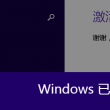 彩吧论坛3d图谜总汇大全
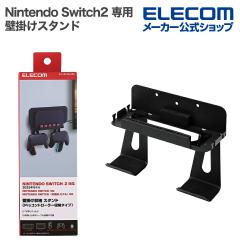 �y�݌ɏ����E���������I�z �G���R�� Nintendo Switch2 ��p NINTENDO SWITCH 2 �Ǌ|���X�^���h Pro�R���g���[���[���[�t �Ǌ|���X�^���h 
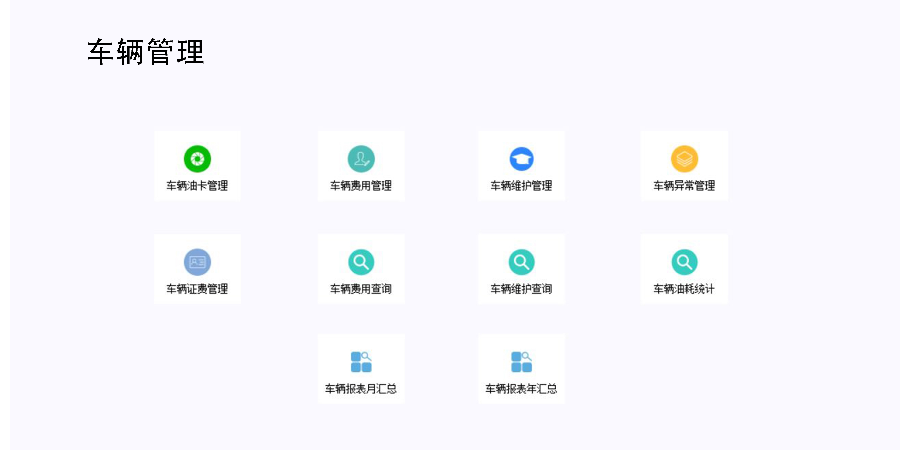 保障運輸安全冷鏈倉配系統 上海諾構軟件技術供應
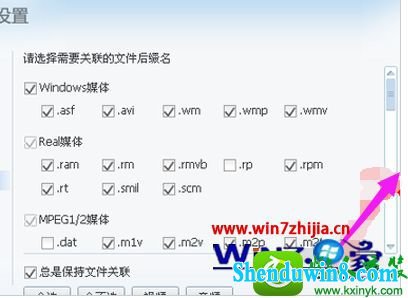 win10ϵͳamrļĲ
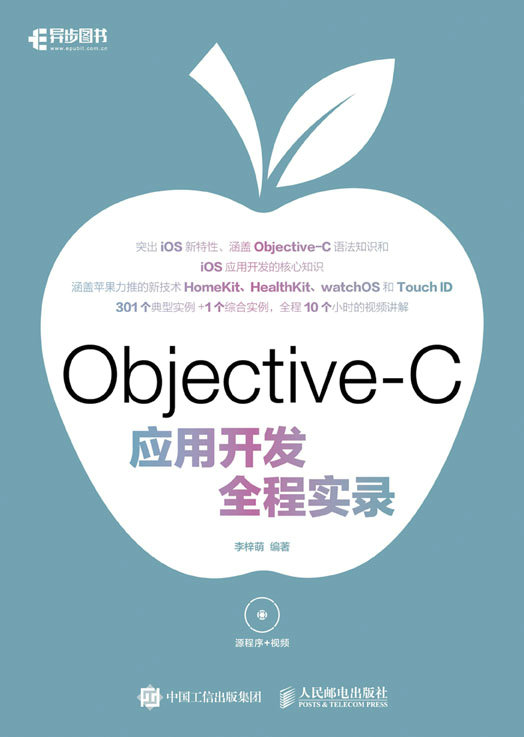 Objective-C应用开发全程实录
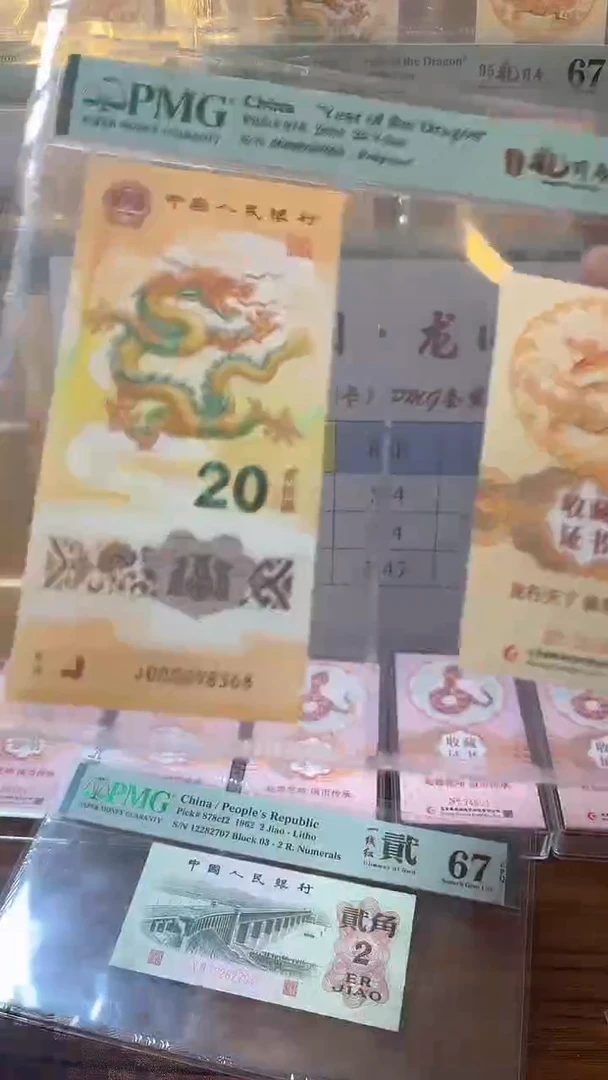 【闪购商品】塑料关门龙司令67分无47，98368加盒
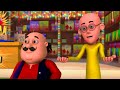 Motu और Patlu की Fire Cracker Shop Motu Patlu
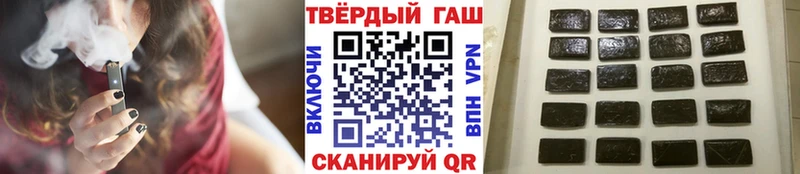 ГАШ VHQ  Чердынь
========================================
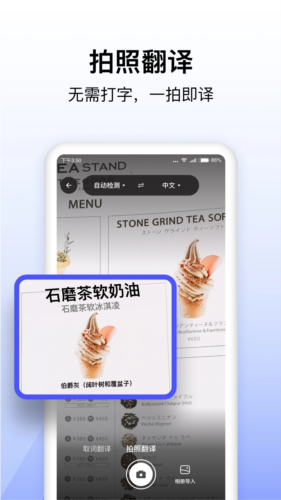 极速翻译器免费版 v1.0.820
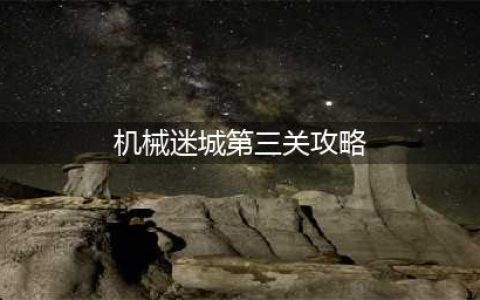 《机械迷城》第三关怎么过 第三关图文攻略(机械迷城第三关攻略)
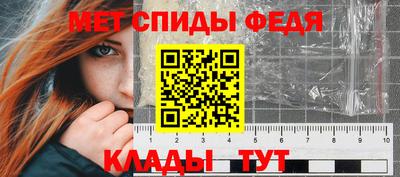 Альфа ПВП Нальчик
========================================
**What you will do:** Take the material above and output only the lines from the one that contains "极速翻译器免费版 v1.0.820" through the one that contains "Альфа ПВП Нальчик", ends included and images left out.

**Answer area:**
 极速翻译器免费版 v1.0.820
 《机械迷城》第三关怎么过 第三关图文攻略(机械迷城第三关攻略)
 Альфа ПВП Нальчик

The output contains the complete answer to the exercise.